INFORMATION SHOWN:
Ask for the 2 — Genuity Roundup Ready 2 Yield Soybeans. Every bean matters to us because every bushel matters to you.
---
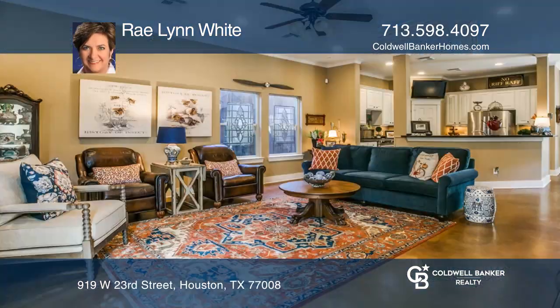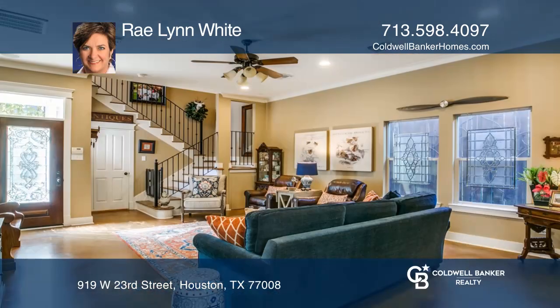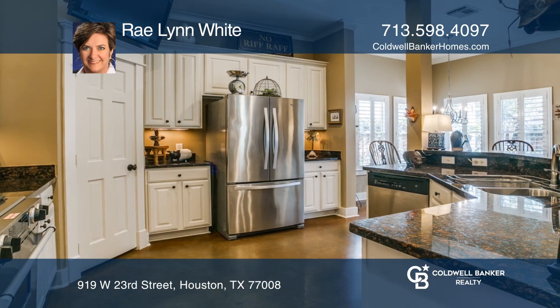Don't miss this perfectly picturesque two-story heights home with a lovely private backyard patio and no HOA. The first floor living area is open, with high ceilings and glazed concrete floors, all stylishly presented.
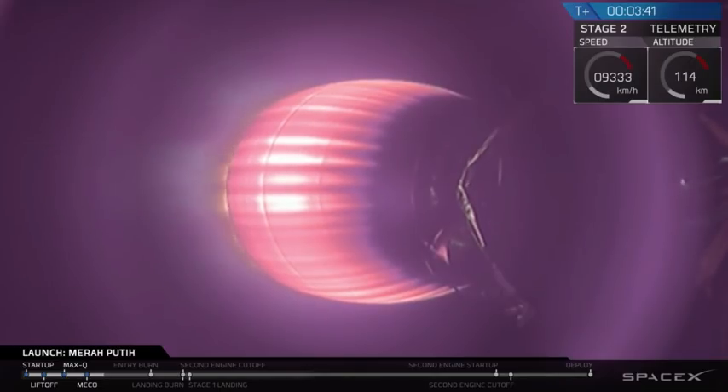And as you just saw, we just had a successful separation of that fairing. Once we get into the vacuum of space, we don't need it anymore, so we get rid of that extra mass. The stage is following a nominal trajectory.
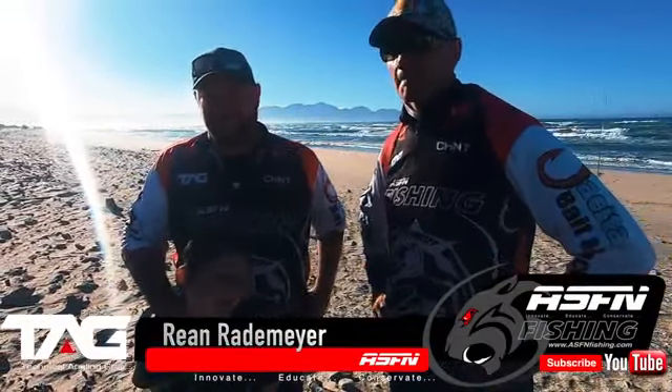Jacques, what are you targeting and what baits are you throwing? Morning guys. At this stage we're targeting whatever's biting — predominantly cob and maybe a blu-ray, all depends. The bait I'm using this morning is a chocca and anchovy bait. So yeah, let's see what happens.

WHAT IS REQUIRED: Of the lines above, quote exactly those from the one with "And as you just" through the one with "Jacques, what are", ends included; pictures stay out.

ANSWER BOX:
And as you just saw, we just had a successful separation of that fairing. Once we get into the vacuum of space, we don't need it anymore, so we get rid of that extra mass. The stage is following a nominal trajectory.
Jacques, what are you targeting and what baits are you throwing? Morning guys. At this stage we're targeting whatever's biting — predominantly cob and maybe a blu-ray, all depends. The bait I'm using this morning is a chocca and anchovy bait. So yeah, let's see what happens.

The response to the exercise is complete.